EXCERPTED DATA:
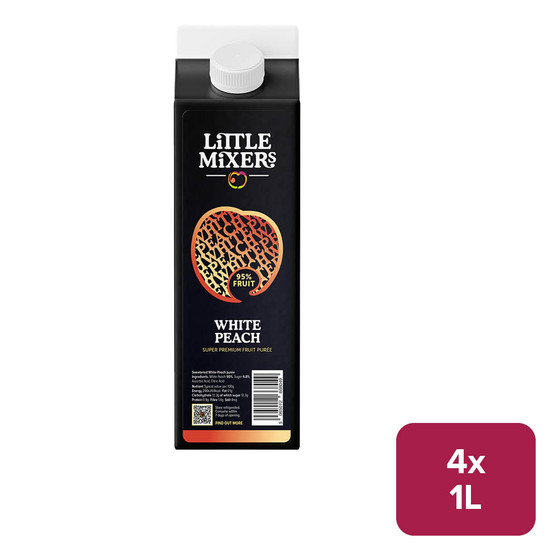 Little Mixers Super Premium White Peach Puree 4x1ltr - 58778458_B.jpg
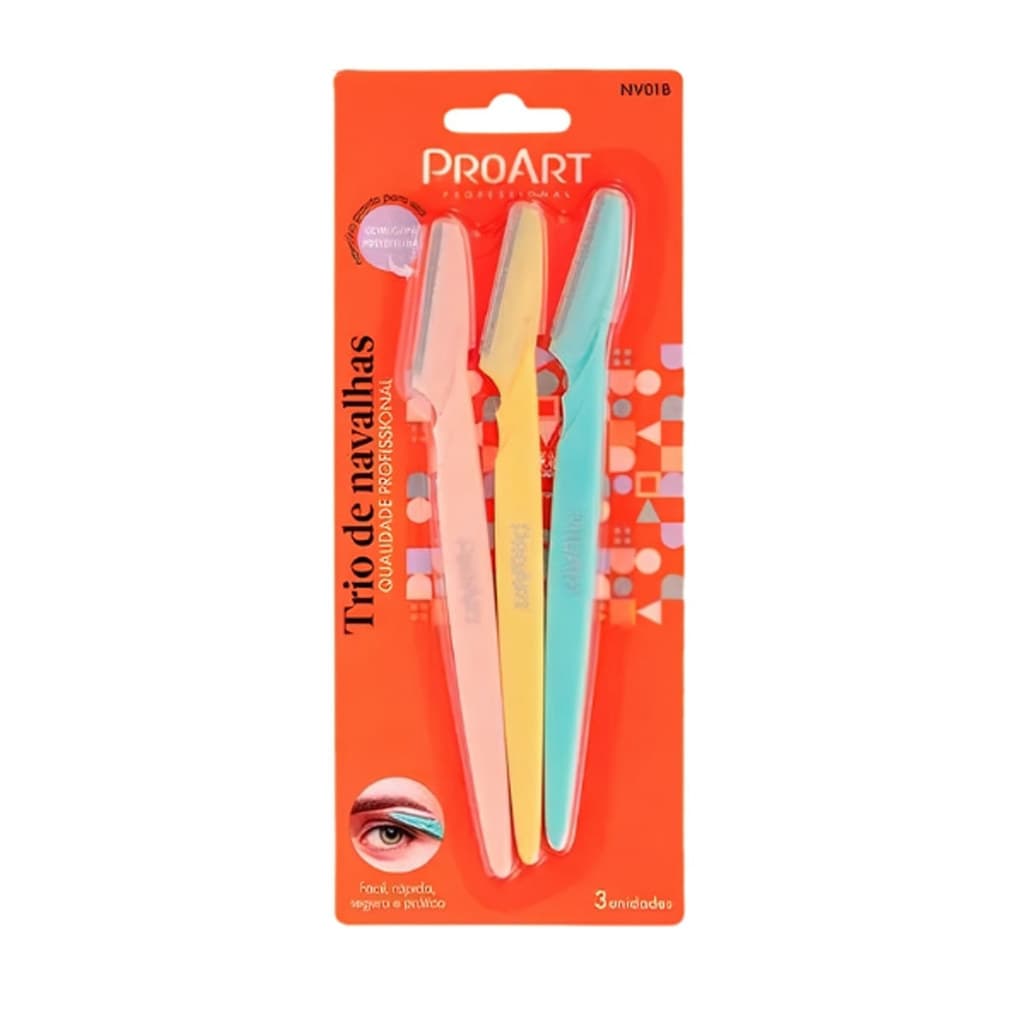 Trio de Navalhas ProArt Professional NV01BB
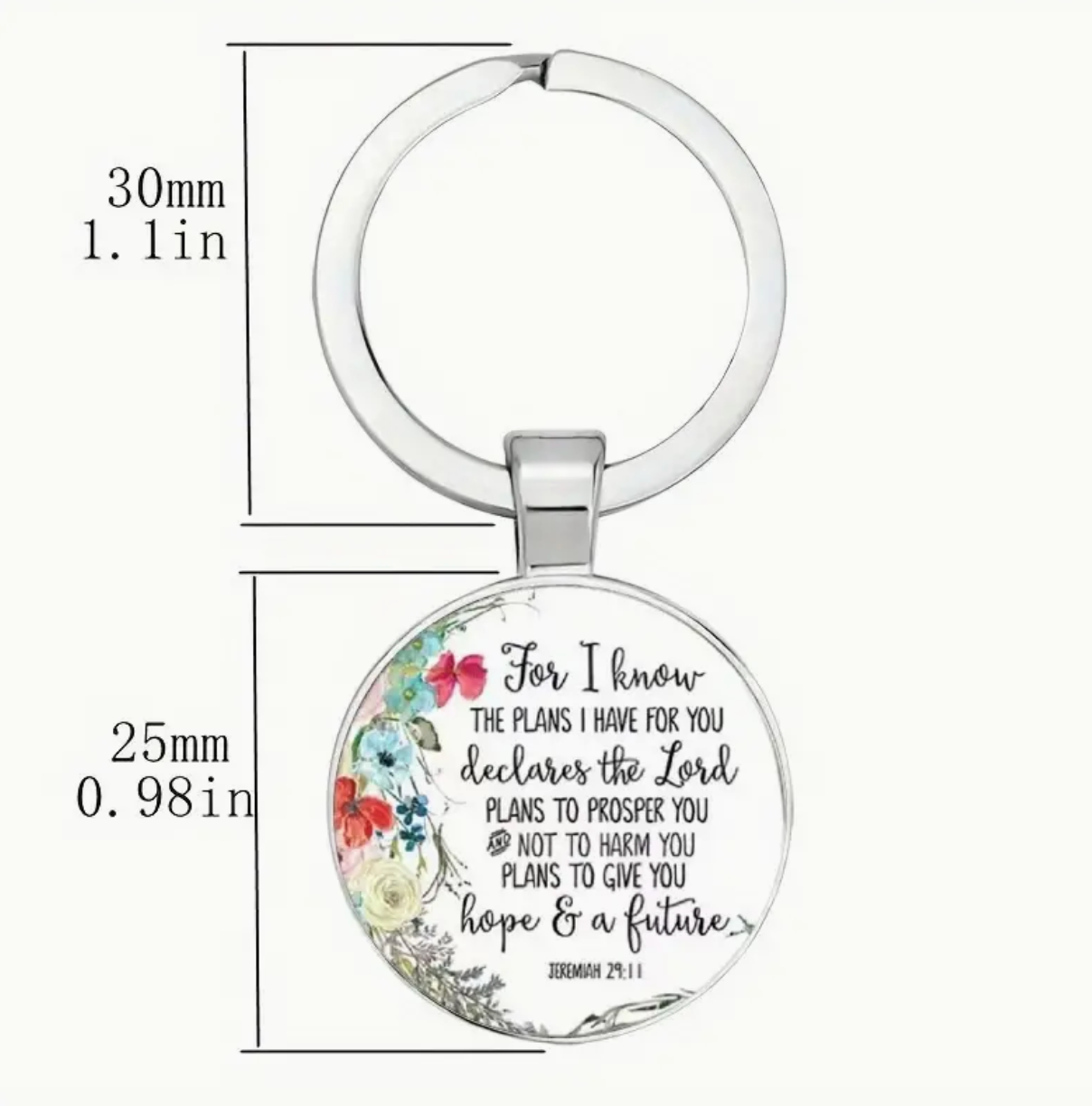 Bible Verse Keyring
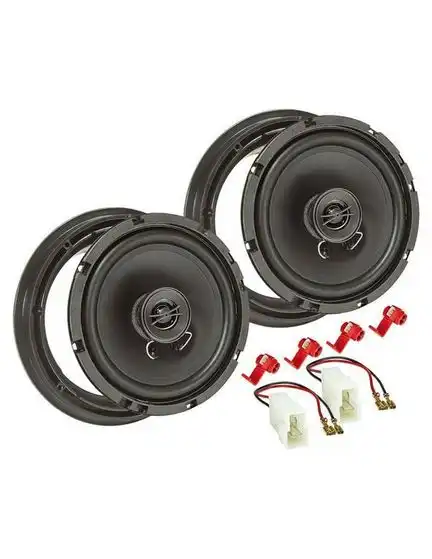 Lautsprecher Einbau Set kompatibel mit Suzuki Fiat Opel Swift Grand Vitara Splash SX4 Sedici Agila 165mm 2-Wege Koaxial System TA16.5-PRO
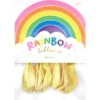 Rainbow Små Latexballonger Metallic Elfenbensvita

WHAT TO PRODUCE: Only exact duplicates of the lines from the one containing "Trio de Navalhas ProArt Professional NV01BB" through the final line of the entries, both included, are needed, with pictures left out.

OUTPUT OF THE EXERCISE:
 Trio de Navalhas ProArt Professional NV01BB
 Bible Verse Keyring
 Lautsprecher Einbau Set kompatibel mit Suzuki Fiat Opel Swift Grand Vitara Splash SX4 Sedici Agila 165mm 2-Wege Koaxial System TA16.5-PRO
 Rainbow Små Latexballonger Metallic Elfenbensvita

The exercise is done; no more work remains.